Sizing for ElasticStack in on-Prem environment

Hi Elastic Community,

I am in a preparation of hardware sizing for one of my customer for log analysis for below requirement:

Current Data size: 400GB

Daily data ingestion: 20GB

Retention Period: 30days

So, as per the below article, we have prepared hardware sizing as below:


Node ID Memory (GB) CPU Cores JVM Heap (GB) Disk Storage (GB) Role Elastic Component
master-01 16 4 8 100 master Elastic Server - Master Cluster Node
undefined ---- ---- ---- ---- ---- ----
master-02 16 4 8 100 master Elastic Server - Master Cluster Node
undefined ---- ---- ---- ---- ---- ----
master-03 16 4 8 100 master Elastic Server - Master Cluster Node
undefined ---- ---- ---- ---- ---- ----
data-01 64 16 30 833 data,ingest data node
undefined ---- ---- ---- ---- ---- ----
data-02 64 16 30 833 data,ingest data node - replication
undefined ---- ---- ---- ---- ---- ----
data-03 64 16 30 833 data,ingest data node
undefined ---- ---- ---- ---- ---- ----
data-04 64 16 30 833 data,ingest data node - replication
undefined ---- ---- ---- ---- ---- ----
Kibana 32 16 16 500 Visualization Kibana
undefined ---- ---- ---- ---- ---- ----
Logstash 8 4 4 100 Processing the data Logstash
undefined ---- ---- ---- ---- ---- ----

3 master nodes, 2 data nodes and 2 replicas nodes.
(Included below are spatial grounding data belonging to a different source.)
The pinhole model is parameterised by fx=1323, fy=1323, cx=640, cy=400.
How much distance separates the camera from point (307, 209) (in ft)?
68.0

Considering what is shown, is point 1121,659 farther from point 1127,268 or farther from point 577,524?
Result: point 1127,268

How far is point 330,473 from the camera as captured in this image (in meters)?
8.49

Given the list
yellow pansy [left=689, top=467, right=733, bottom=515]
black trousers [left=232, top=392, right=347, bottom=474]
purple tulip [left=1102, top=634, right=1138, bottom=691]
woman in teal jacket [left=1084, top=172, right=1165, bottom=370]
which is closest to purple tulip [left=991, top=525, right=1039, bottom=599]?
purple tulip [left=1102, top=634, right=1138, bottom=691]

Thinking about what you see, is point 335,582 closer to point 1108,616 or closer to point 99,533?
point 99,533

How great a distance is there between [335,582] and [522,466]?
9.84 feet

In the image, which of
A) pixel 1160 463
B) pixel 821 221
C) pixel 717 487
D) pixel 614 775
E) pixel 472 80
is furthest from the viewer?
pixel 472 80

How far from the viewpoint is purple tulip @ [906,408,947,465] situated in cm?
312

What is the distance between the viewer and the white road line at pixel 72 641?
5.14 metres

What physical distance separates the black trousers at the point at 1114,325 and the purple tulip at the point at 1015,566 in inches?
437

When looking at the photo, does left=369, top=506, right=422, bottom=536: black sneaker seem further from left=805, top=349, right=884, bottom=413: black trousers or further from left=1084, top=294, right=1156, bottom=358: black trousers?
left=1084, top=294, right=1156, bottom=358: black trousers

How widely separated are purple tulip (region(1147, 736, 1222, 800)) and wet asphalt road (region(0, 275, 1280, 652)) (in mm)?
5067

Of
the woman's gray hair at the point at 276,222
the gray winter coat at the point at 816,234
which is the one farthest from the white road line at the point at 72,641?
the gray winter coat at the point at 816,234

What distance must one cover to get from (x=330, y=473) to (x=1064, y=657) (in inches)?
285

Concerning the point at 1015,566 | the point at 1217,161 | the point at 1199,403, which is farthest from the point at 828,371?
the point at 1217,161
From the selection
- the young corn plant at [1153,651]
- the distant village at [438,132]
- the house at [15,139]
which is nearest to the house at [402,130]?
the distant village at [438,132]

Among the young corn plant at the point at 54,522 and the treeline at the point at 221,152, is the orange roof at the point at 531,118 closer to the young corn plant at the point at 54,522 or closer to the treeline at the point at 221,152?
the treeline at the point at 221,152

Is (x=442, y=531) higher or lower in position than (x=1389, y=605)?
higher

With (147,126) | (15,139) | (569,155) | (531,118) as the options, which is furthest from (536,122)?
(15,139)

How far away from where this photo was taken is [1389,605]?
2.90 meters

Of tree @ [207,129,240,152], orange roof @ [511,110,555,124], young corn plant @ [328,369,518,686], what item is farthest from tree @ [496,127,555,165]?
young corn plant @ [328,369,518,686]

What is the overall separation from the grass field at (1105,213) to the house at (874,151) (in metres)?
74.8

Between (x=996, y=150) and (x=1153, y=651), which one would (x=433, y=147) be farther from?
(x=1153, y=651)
However, I would like to ask in a firm that the above nodes are sufficient for our requirements. Also would like to know how to setup hot, warm and cold tier in above cluster setup.

Is there away we can setup MFA with community edition?

Kindly advice on above requests.

Thank you in advance.

Regards,

Eshwar

I’d recommend reviewing the data roles more closely, so you don’t keep all the information in the hot tier for too long and risk putting unnecessary load on the hot nodes.

Node roles | Elastic Docs

Hi @GiorgioS13 ,

Thank you for your suggestion.

I am planning to use the roles as below.

master role for 3 master nodes.

data, data_content, data_hot and data_warm for 2 data nodes. remaining two for replicas.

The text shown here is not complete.